Dividend Climate Getting Nasty
For every five companies that raised their dividends in the six months ended June, another six cut their payouts.
If the trend continues, 2009 will be the first year dividend cuts have outnumbered increases since at least 1955. During that 54-year span, annual dividend increases outnumbered decreases by an average of about 15 to 1.
Of the roughly 7,000 stocks Standard & Poor’s tracks, a record 617 reduced or eliminated their payout in the first six months of 2009, more than all of the cuts made between 2002 and 2007. Another round of cuts could occur in August and September, as companies review their 2010 budgets.
With dividend growth harder to find, investors should look at dividends as a percentage of cash flow. Operating cash flow equals net income plus noncash expenses such as depreciation and amortization, plus the change in value of other assets and liabilities. Free cash flow — operating cash flow minus dividends and capital expenditures — reflects a company’s excess funds, which can be used for dividend increases.
In the past four fiscal quarters, the average dividend-paying stock in the S&P 500 Index has paid dividends equal to 27% of operating cash flow and 71% of free cash flow, as shown in the chart below. Companies with ratios above 500% or negative cash flows are excluded. The percentage of cash flow paid out in dividends has increased from last year, suggesting that more companies may be straining to maintain the payout.
However, the 12 stocks in the table below have historically grown their payments. All 12, including the two reviewed below, also commit a smaller-than-average portion of cash flow to the dividend. These companies seem likely to continue raising their dividends.
Aflac ($29; AFL) maintains a robust balance sheet and generates reliable cash flow capable of growing the dividend. Cash assets of $2.21 billion, or $4.73 per share, have more than doubled in the past year and exceed long-term debt by $636 million. Both operating and free cash flow have climbed 16% over the past 12 months. Aflac has increased its payout for 26 consecutive years, including a 17% hike in March. Aflac, which yields 3.8%, is a Long-Term Buy.
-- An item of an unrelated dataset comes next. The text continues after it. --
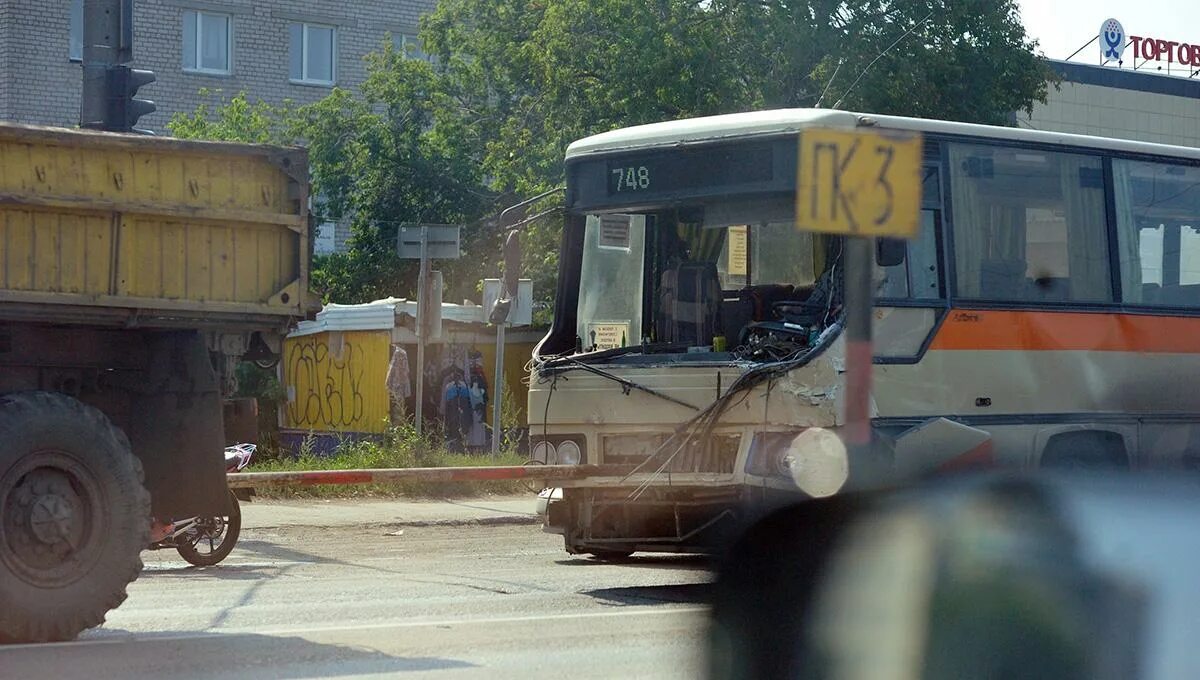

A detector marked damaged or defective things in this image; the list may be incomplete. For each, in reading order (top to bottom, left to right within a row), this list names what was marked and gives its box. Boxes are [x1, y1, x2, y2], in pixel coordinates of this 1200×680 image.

crashed bus [528, 109, 1200, 556]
Lockheed Martin ($78; LMT), with annualized dividend growth of 16% over the past five years, typically announces increases in September. Lockheed pays $0.57 per share quarterly, yielding 2.9%. The company has the financial flexibility to support higher payouts. Lockheed holds $2.38 billion in cash, or $6.13 per share, and free cash flow jumped 79% in the March quarter and 71% over the last 12 months. Lockheed Martin is a Long-Term Buy.